ROBIN F. WYNNE, Judge.
Angela Gasca appeals the revocation of her suspended sentence, arguing that the State's proof of the new offense of second-degree battery was insufficient to support revocation. We affirm.
On July 13, 2011, appellant pled guilty to breaking or entering, a Class D felony, and arson (less than $500), a Class A misdemeanor. The court sentenced her to a six-year suspended imposition of sentence, with three years' supervised probation. She was also ordered to pay court costs, fees, a fine, and restitution. The court ordered her to make payments of $50 monthly beginning October 1, 2011. Appellant signed an acknowledgment of the conditions of her suspended sentence. Among those was the requirement that appellant not commit a criminal offense punishable by imprisonment.
The State filed a petition to revoke/show cause for failure to make payments as ordered, and in December 2011, appellant pled guilty to contempt. She was sentenced to thirty days in the Crawford County Detention Center with credit for thirty days served. The State filed a second petition to revoke/show cause on May 1, 2012. In this petition, the State alleged that appellant had committed the new offenses of second-degree battery on a police officer and resisting arrest.

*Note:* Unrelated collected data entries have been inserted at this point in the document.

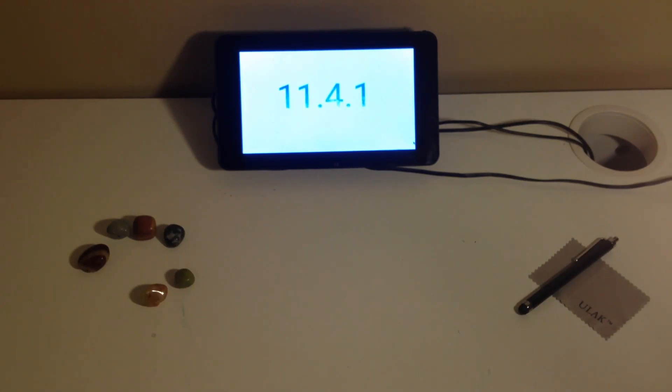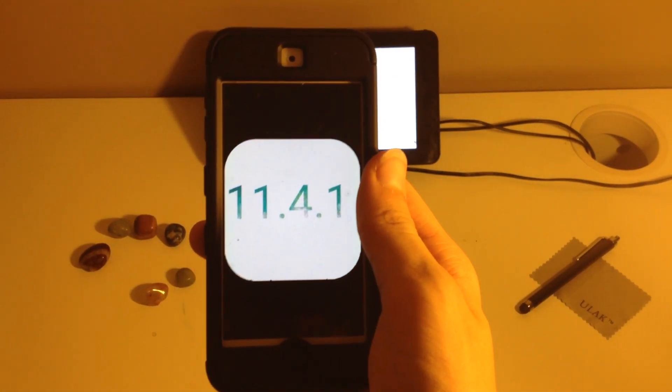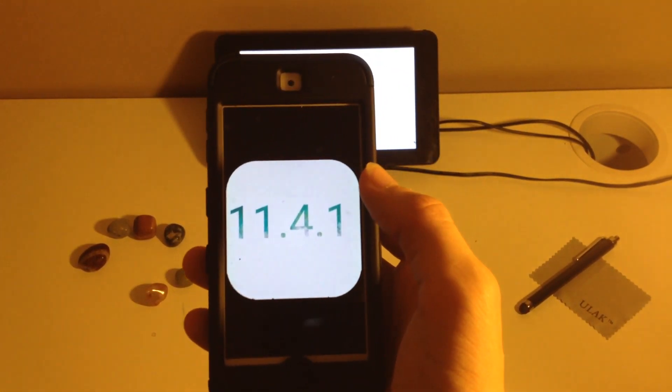Hello, it's iSkyler, and welcome to an Apple video. Today Apple released iOS 11.4.1 and watchOS 4.3.2. They came with mostly bug fixes.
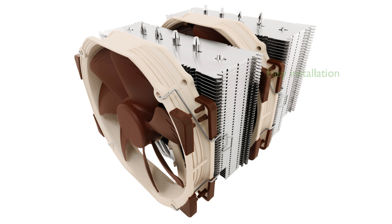The NH-D15 includes high-end NT-H1 thermal paste and the Secufirm2 mounting system for easy installation on a wide range of Intel and AMD sockets.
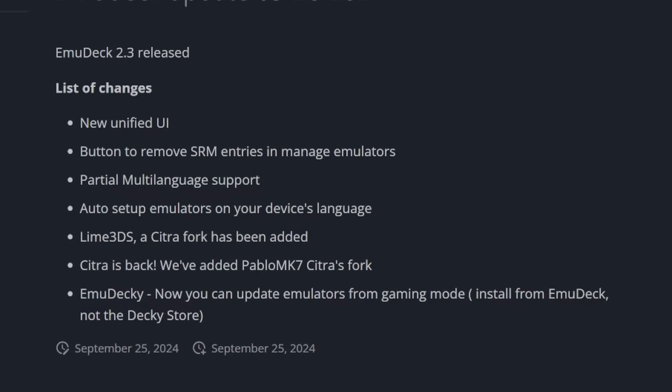There's a new update for EmuDeck and it's got some new features. There's a new unified UI, a button to remove Steam ROM manager entries in manage emulators, partial multi-language support, and auto setup emulators on your device's language. Lime 3DS, which is a fork of Citra, has been added, and Citra is back — they've added Pablo MK7's Citra fork. There's now also EmuDecky, where you can update emulators from gaming mode, though you'll have to install it from EmuDeck, not the Decky store. Every time I open up EmuDeck, the UI has completely changed, so hopefully this is how it's going to be for the next little while at least.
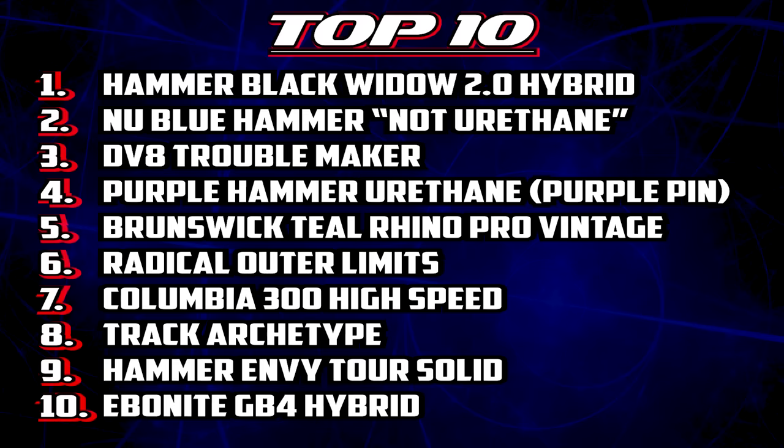If you have a ball you thought was in the top 10 but didn't make my list, please drop a comment below and let me know why you think it belongs there. If you have any questions or comments about the top 10 or any ball in the Brunswick lineup, put them in the comments — I'll be glad to help. Until then, please subscribe and I'll see you in another video.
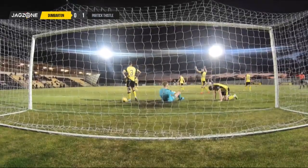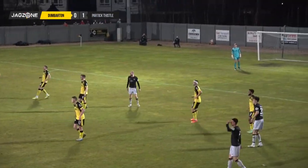It should be 2-0, but we'll not complain at 1-0. Two minutes to go.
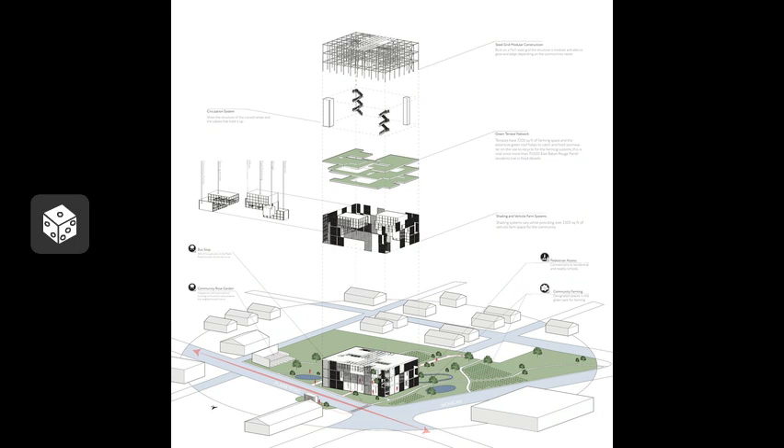Ann Street is now strictly pedestrian only and flows from Plank Road through the center of the building and out into the residential areas, connecting them seamlessly.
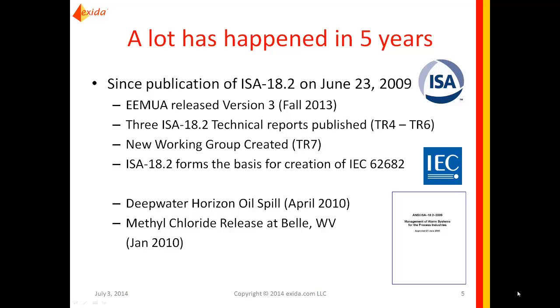However, we have still had issues. The world has gotten smarter about alarm management, but there have been problems related to poor alarm management practices. One well-known example is the Deepwater Horizon oil spill in the Gulf of Mexico in 2010, which had an alarm management failure associated with it. Another was a methyl chloride release in West Virginia investigated by the Chemical Safety Board. Companies have started to apply best practices, but we still have a way to go.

At the revocation hearing, Mark McGraw, a corporal with the Van Buren Police Department, testified that he assisted Officer Riggs with arresting appellant on April 20, 2012. He stated that they went to a residence in response to a report that she was burglarizing an apartment or unlawfully in the apartment of another. They found her outside an apartment, and she appeared to be intoxicated. A warrant check revealed that appellant had an active warrant. Appellant ran from Officer Riggs, who tackled her. Corporal McGraw testified that appellant resisted arrest by kicking, elbowing, hitting, and pushing. Corporal McGraw stated that he delivered a kick to her shoulder and held her free arm to the best of his ability. She continued resisting once she was taken to the jail. Corporal McGraw testified that appellant did actually strike him, but he did not receive any medical treatment.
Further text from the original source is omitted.